PROBLEM STATEMENT →
Begin at the line below that holds "How do I exit" and end at the line that holds "Okay, everybody, so", transcribing each line exactly and skipping any picture.

TASK DATA →
--- --- ---
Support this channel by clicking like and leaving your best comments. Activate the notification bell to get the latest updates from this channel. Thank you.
--- --- ---
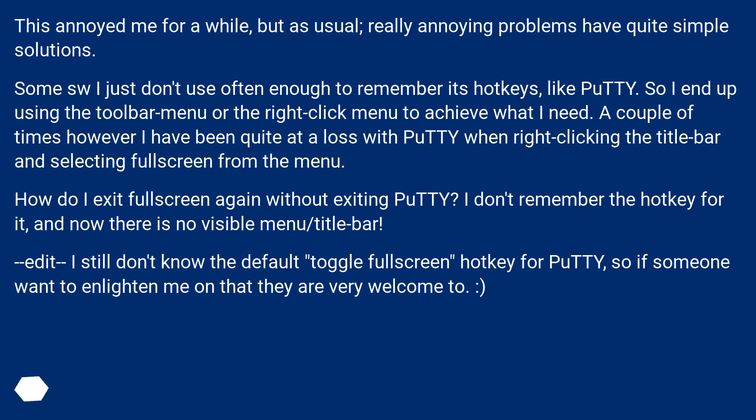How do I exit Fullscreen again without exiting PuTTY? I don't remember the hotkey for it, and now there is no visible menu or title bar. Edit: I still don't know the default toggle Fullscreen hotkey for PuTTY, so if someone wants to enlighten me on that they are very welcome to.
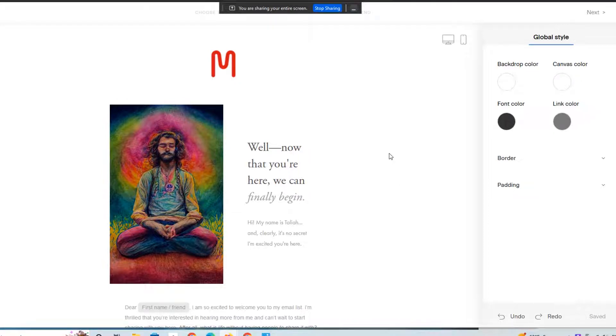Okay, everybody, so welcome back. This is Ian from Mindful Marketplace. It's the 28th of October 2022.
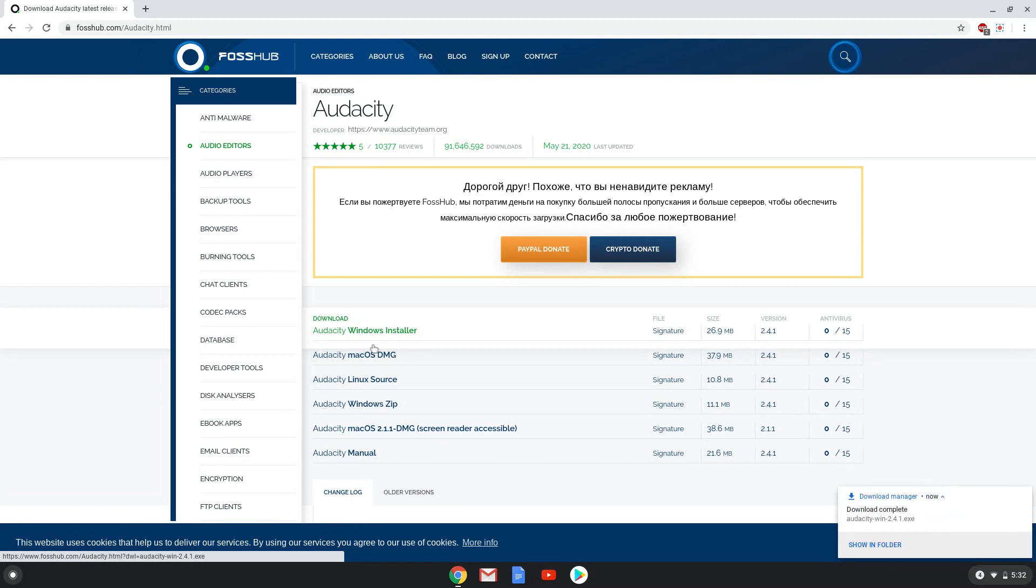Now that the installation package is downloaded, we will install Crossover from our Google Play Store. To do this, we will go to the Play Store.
--- --- ---
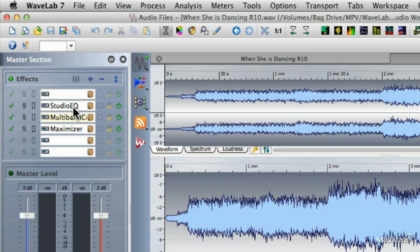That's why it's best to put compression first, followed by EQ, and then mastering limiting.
--- --- ---
EXERCISE SOLUTION →
How do I exit Fullscreen again without exiting PuTTY? I don't remember the hotkey for it, and now there is no visible menu or title bar. Edit: I still don't know the default toggle Fullscreen hotkey for PuTTY, so if someone wants to enlighten me on that they are very welcome to.
Okay, everybody, so welcome back. This is Ian from Mindful Marketplace. It's the 28th of October 2022.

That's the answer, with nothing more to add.